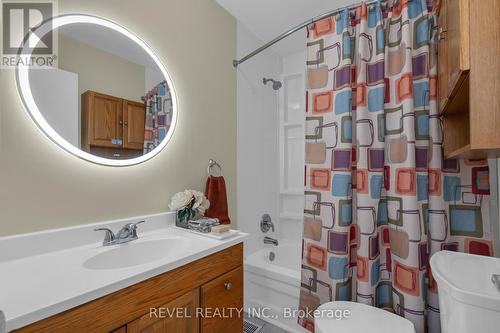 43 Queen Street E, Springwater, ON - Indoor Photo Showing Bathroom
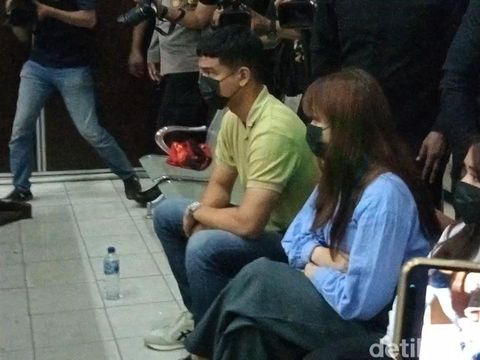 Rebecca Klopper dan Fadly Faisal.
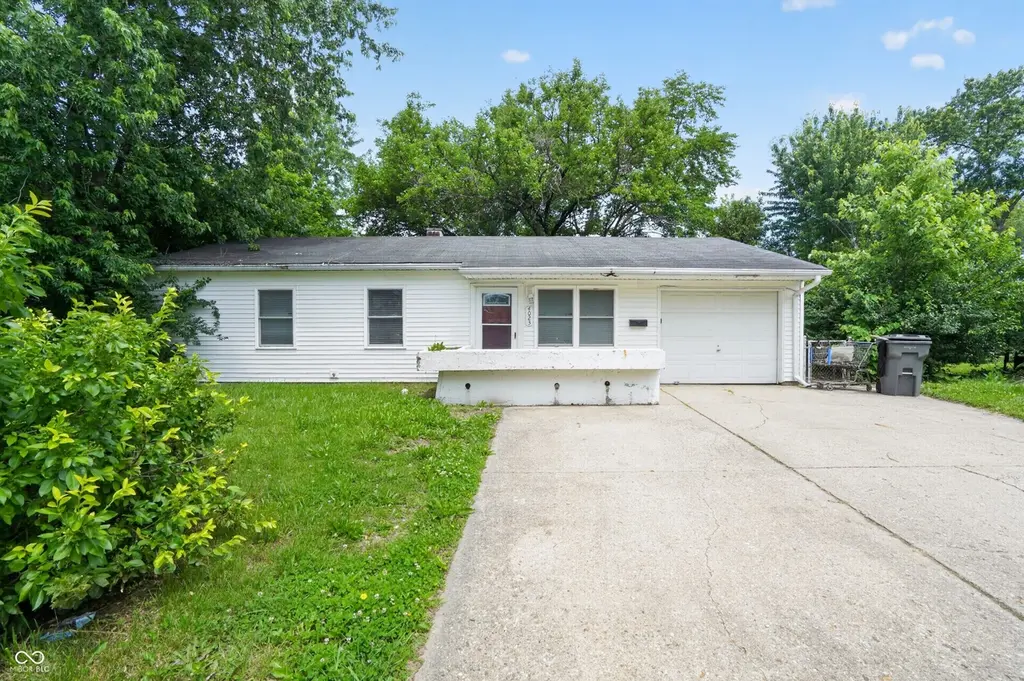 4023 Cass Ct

———

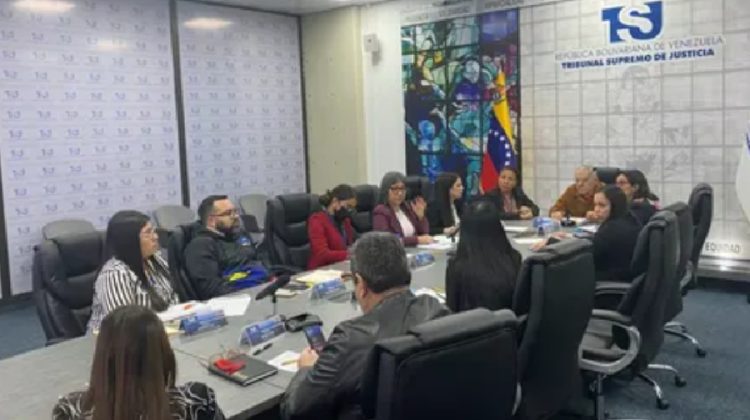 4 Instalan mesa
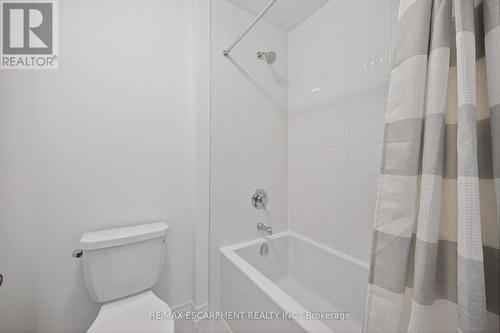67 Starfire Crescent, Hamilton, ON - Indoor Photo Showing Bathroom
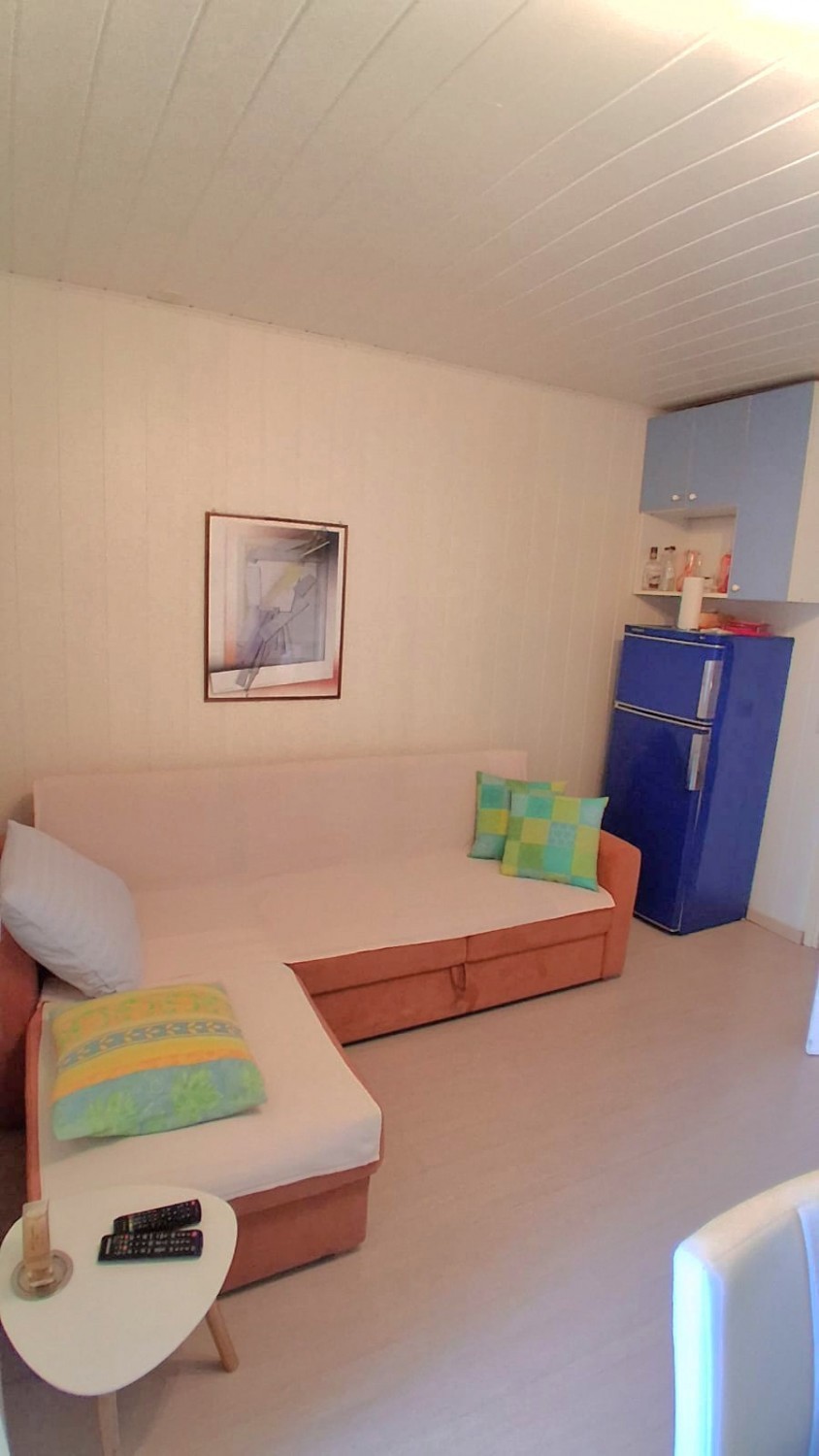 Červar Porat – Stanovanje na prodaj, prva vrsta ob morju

———

▶ _WHAT THE TASK ASKS_: With the pictures omitted, copy the entries above exactly from the line containing "4 Instalan mesa" through the line containing "Červar Porat –", both lines included.

▶ _ANSWER FOR THIS EXERCISE_:
 4 Instalan mesa
67 Starfire Crescent, Hamilton, ON - Indoor Photo Showing Bathroom
 Červar Porat – Stanovanje na prodaj, prva vrsta ob morju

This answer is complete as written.